Depuis les années 1998-2000 et sa participation au single "Sippin' On Some Sizzurp" du groupe de son frère, Project Pat n'a cessé de sortir des disques et mixtapes a minima intéressants, jusqu'à ce jour d'avril 2015 où, à 42 ans, il a proposé une suite à Mista Dont Play, son grand album de référence.
Sorti chez Taylor Gang Records, le label de Wiz Khalifa, cet autre Mista Dont Play, sous-titré Everythangs Money (c'était Everythangs Workin' pour le précédent), souligne la persévérance de Project Pat. Formellement, rien ne sépare ce disque ce ceux d'avant. Il recycle d'ailleurs quelques extraits de ses mixtapes passées. En bon artisan de la musique, Project Pat s'ingénie à toujours confectionner le même produit.
Il emploie les thèmes de base du rap sudiste, drogue ("I Like To Smokeaaa", "Wanna Get High"), sexe ("Twerk It", avec Wiz Khalifa, Wale et Ty Dolla Sign), argent ("Trying To Get A Dollar") et violence ("Gooned Up", "I Ain't Payem Shit", "Crash Out)". Le rappeur use aussi de petites mélodies synthétiques stéréotypées, produites principalement par Lil Awree, et il joue de sa signature vocale, cette dernière syllabe accentuée, avec une telle fréquence que cela en est irritant.

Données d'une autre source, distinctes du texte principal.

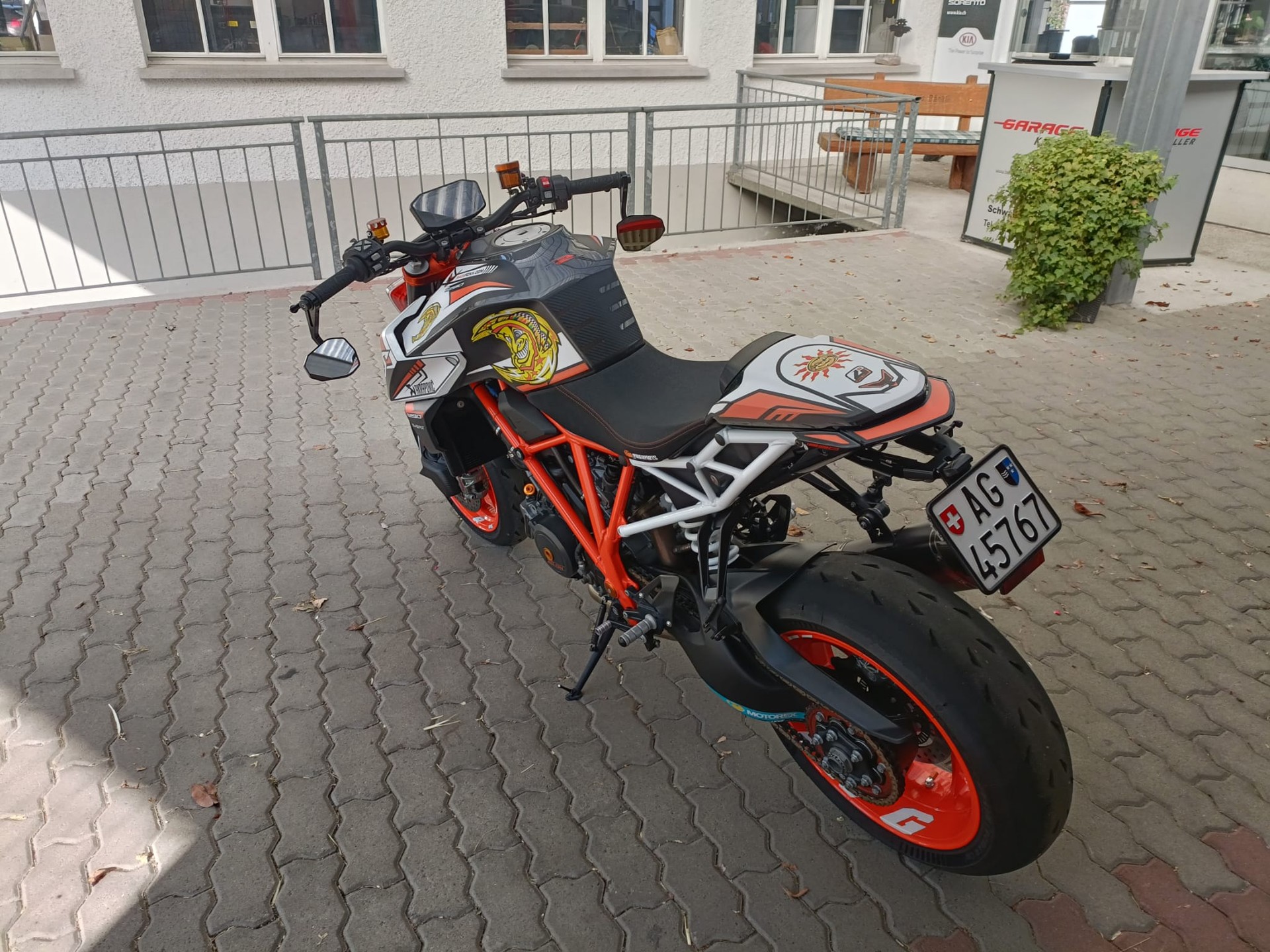 KTM 1290 Super Duke R-image-3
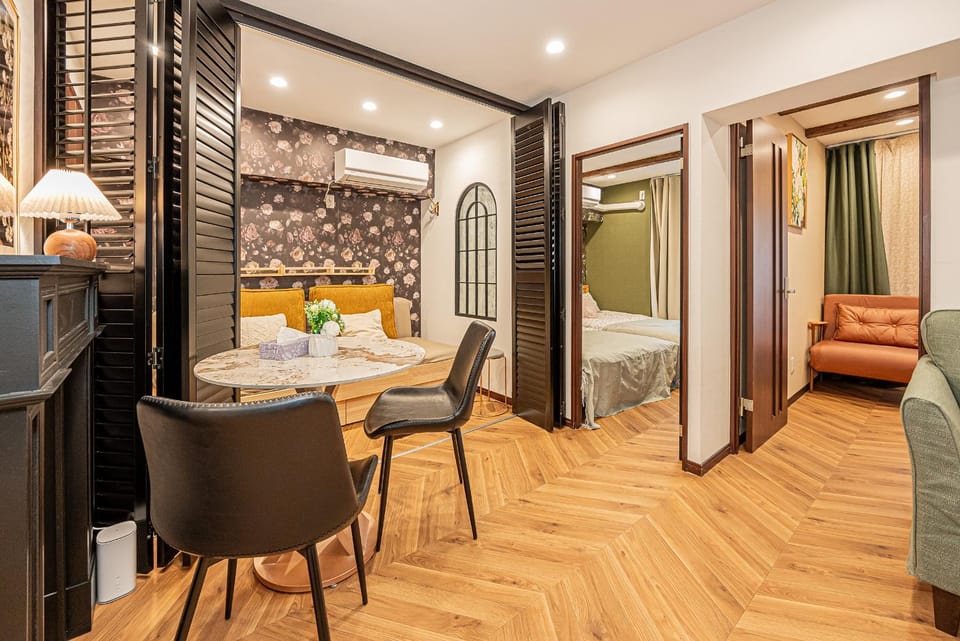 Within easy reach of Shinjuku bustling district 4 minutes walk from nearest station 2 room apartment with lift Suitable for families and groups Hotel in Shinjuku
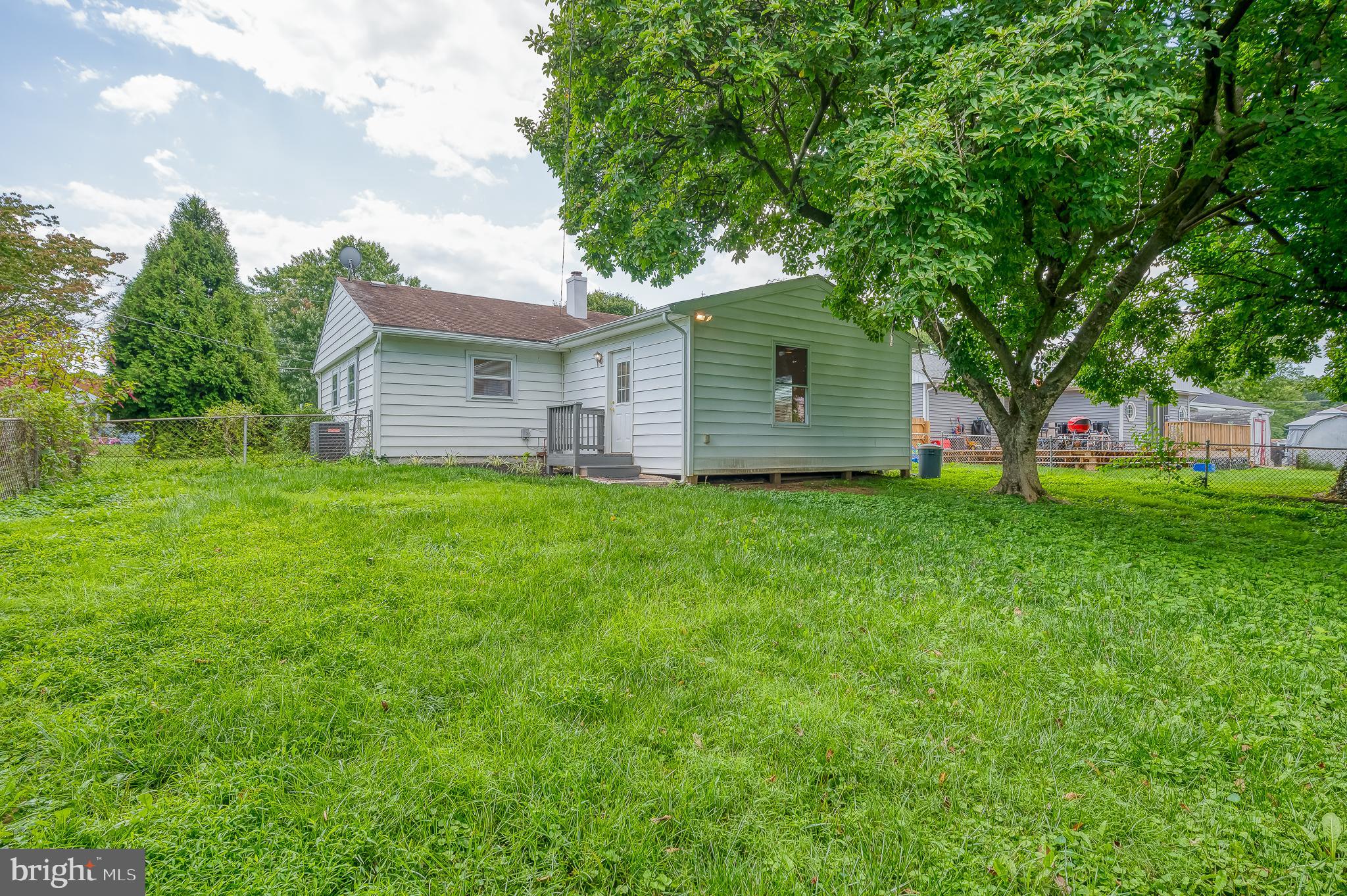 HOWARD PARK - Residential Lease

C'est du gangsta rap en pilotage automatique, mais du gangsta rap honnête, si on peut dire. La posture est prétentieuse, mais la musique, elle, est sans prétention. Néanmoins, elle donne lieu à quelques hymnes comme "Pull A Move", "Gucci Skully" avec King Ray, "Never Be A G" avec Juicy J et le regretté Doe B, et le conclusif "Makin' Plays". Et d'autres passages encore sont à retenir, comme cette ode aux narcotiques qu'est "I Like To Smokeaaa", ce "Leave Me Alone" à la misogynie ultime, de même que le paranoïaque "Suspect".
Le premier Mista Dont Play avait connu un succès considérable. S'écoulant à plus d'un million d'exemplaires, il avait été l'un des albums les mieux vendus du label Hypnotize Minds. Il est toutefois peu probable que cette suite rencontre le même succès. Et pourtant, cela serait juste rétribution, au vu de la persistance inébranlable de Project Pat.